GIVEN INFORMATION:
··········
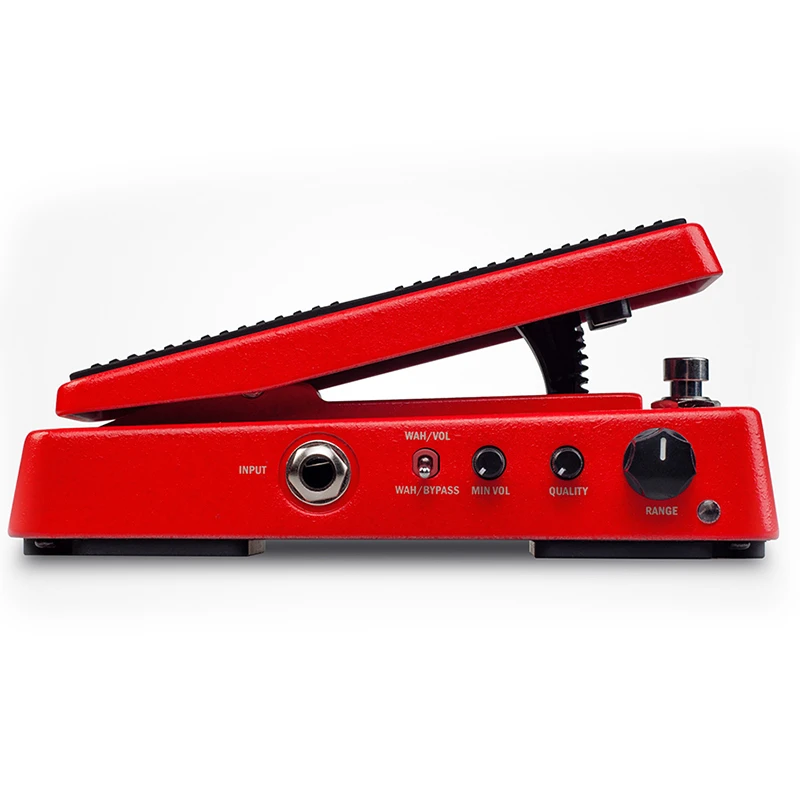 Joyo Multimode Wahii Wah Pedal Multifunctional Wah & Volume Pedal Mini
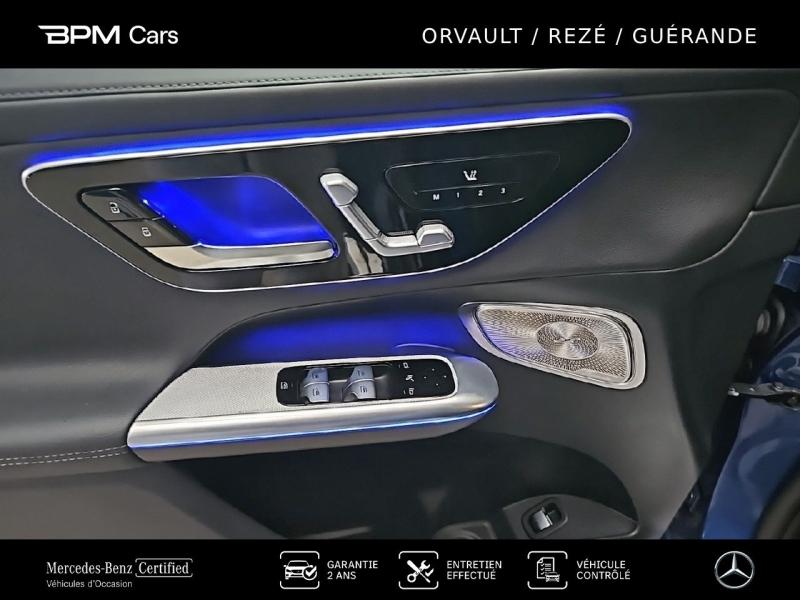 Image MERCEDES-BENZ GLC Coupé 300 d e Hybrid 197+136ch AMG Line 4Matic 9G-Tronic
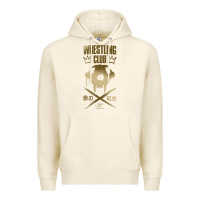 Tofu tekken inspired king design premium t shirt Premium Hoodie - linhVisuals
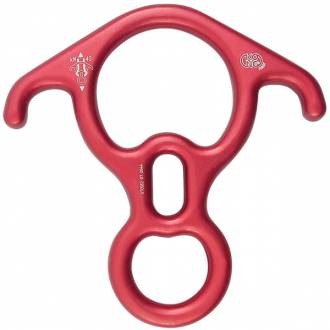 Descendedor Big 8 40kN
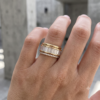 Baguette Diamond Ring Band (RNG-BAG-038)-3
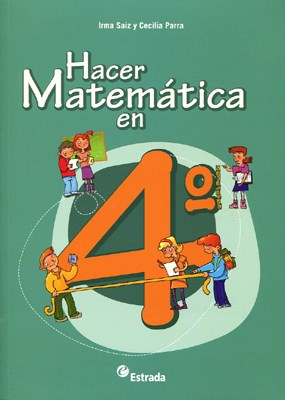 Papel Hacer Matematica En 4º + Cuadernillo*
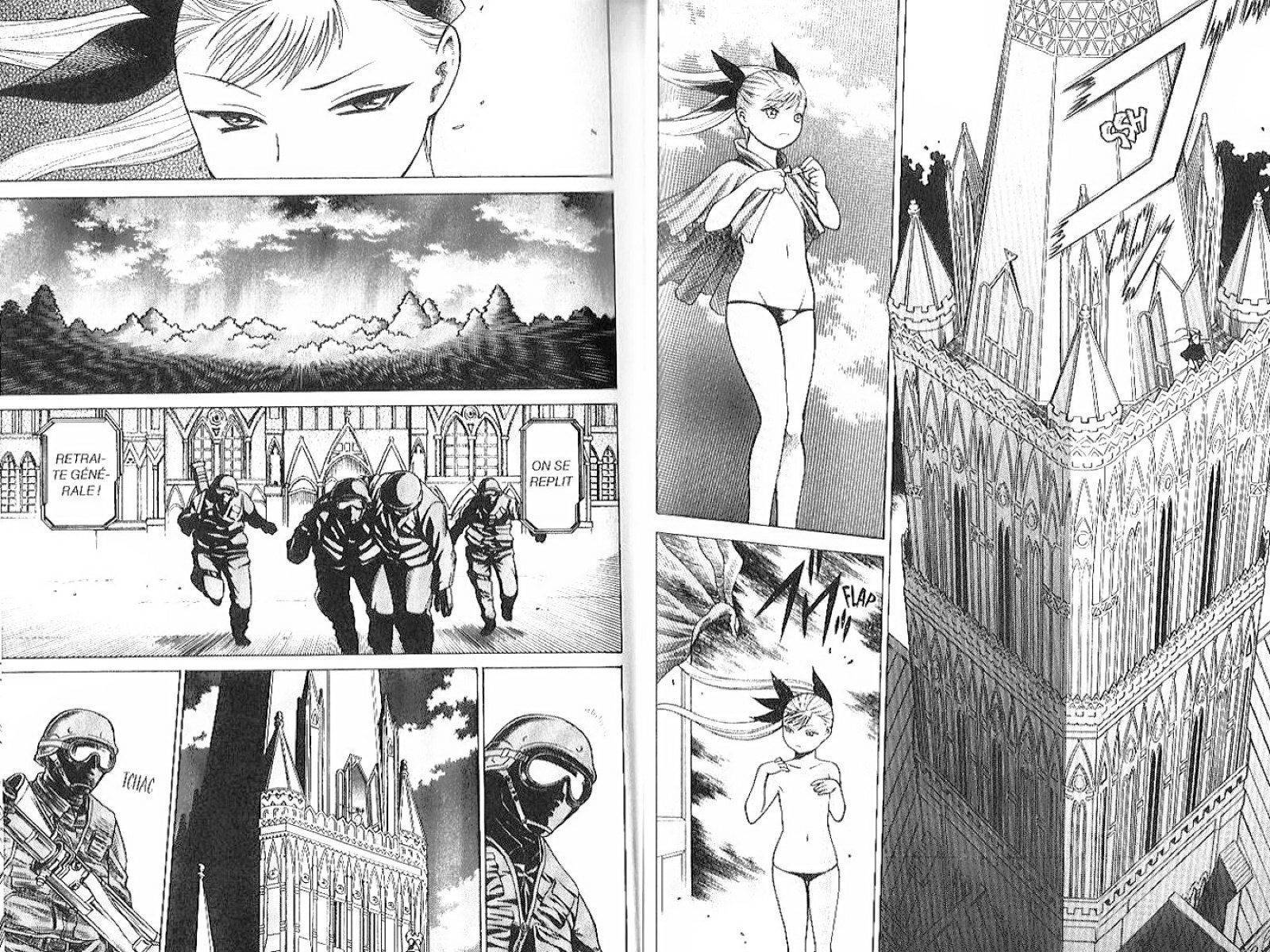  Dance in the Vampire Bund - Chapitre 2 - 7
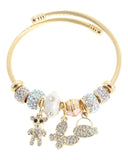 Τσάντα φάκελος clutch JH2226 - Μαύρο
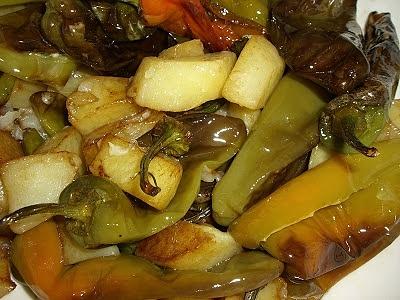 Friggitelli e Patate: Ricetta semplice e gustosa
··········
EXERCISE DIRECTIONS: The expected output is an exact copy of the lines from the one with "Dance in the Vampire Bund - Chapitre 2 - 7" to the final line of the entries above, pictures excepted; please include both ends.

TASK SOLUTION:
  Dance in the Vampire Bund - Chapitre 2 - 7
 Τσάντα φάκελος clutch JH2226 - Μαύρο
 Friggitelli e Patate: Ricetta semplice e gustosa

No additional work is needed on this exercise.